The drive bushing member can be also shifted in the opposite direction to the above-mentioned eccentricity-increasing direction so as to decrease an amount of eccentricity thereof with regard to the rotating center of the drive shaft. Thus, it is possible to absorb a slight misalignment in the engagement of the stationary and movable scroll units as well as to avoid a collision of both units which occurs when the rotating direction of the compressor is reversed at the moment of stopping of the compressor or when any foreign materials enter into the interior of the compressor.
Nevertheless, in the above-described conventional scroll type refrigerant compressor, the aperture of the drive bushing member is formed as a through-hole, and the drive key member of the drive shaft is inserted in the through-hole type aperture of the bushing member in such a manner that an extreme end of the drive key member is projected from the aperture. A retaining ring element such as a conventional circular snap ring is attached to the extreme end of the drive key member to prevent withdrawal of the drive key member from the drive bushing member. However, the retaining ring is insufficient for preventing an uncontrolled movement of the drive bushing member with respect to the drive key member of the drive shaft. More specifically, since a given amount of axial spacing is left between the retaining ring or circular snap ring attached to the extreme end of the drive key member of the drive shaft and the end face of the drive bushing member, and since the aperture of the bushing member is formed so as to permit the sliding movement of the bushing member, the drive bushing member is uncontrollably inclined from a plane perpendicular to the axis of rotation of the drive shaft with respect to the drive key member of the drive shaft. Accordingly, the movable scroll unit operatively engaged with the drive bushing member must orbit at a posture thereof inclined away from a normal condition. Therefore, there occurs local abrasion of the stationary and movable scroll units during the operation of the compressor. Also, noise can be generated during orbiting of the movable scroll, due to the incorrect engagement of the scroll units.

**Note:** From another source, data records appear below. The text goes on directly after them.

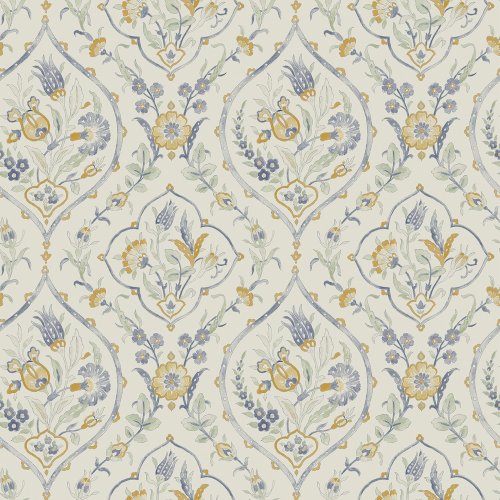 Laura Ashley Foscot Damask Pale Ochre Yellow Wallpaper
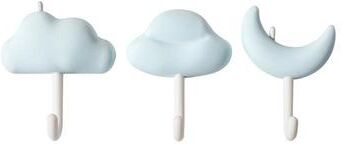 Snug & Styled Cloud Shape Adhesive Wall Hooks, Punch Free Non Marking No Drill Hooks Set Of 3 blue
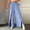 Blue, variant on SuTry Women's Plus Trousers Loose Solid Color High Waist Wide-Leg Pants with Smocked Waistband Drawstring Side Slits Breathable Style(Blue#1,S)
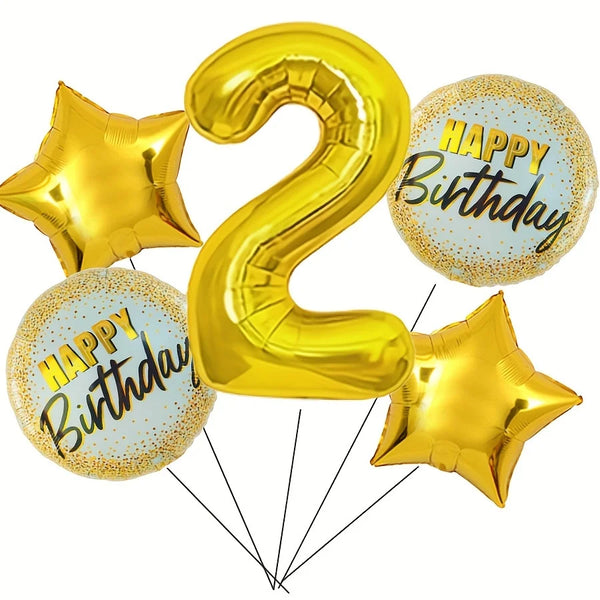 KidsFam 32-inch gold number birthday balloon set with stars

Nevertheless, if the axial spacing between the retaining ring of the drive key member of the drive shaft and the end face of the drive bushing member is sufficiently reduced to prevent the above-mentioned local abrasions and generation of the noise, the drive key member of the drive shaft is unable to smoothly slide in the aperture of the drive bushing member to thereby cause a problem of incomplete radial sealing between the stationary and movable scroll units. Moreover, a minute positional discrepancy between the stationary and movable scroll units cannot be absorbed.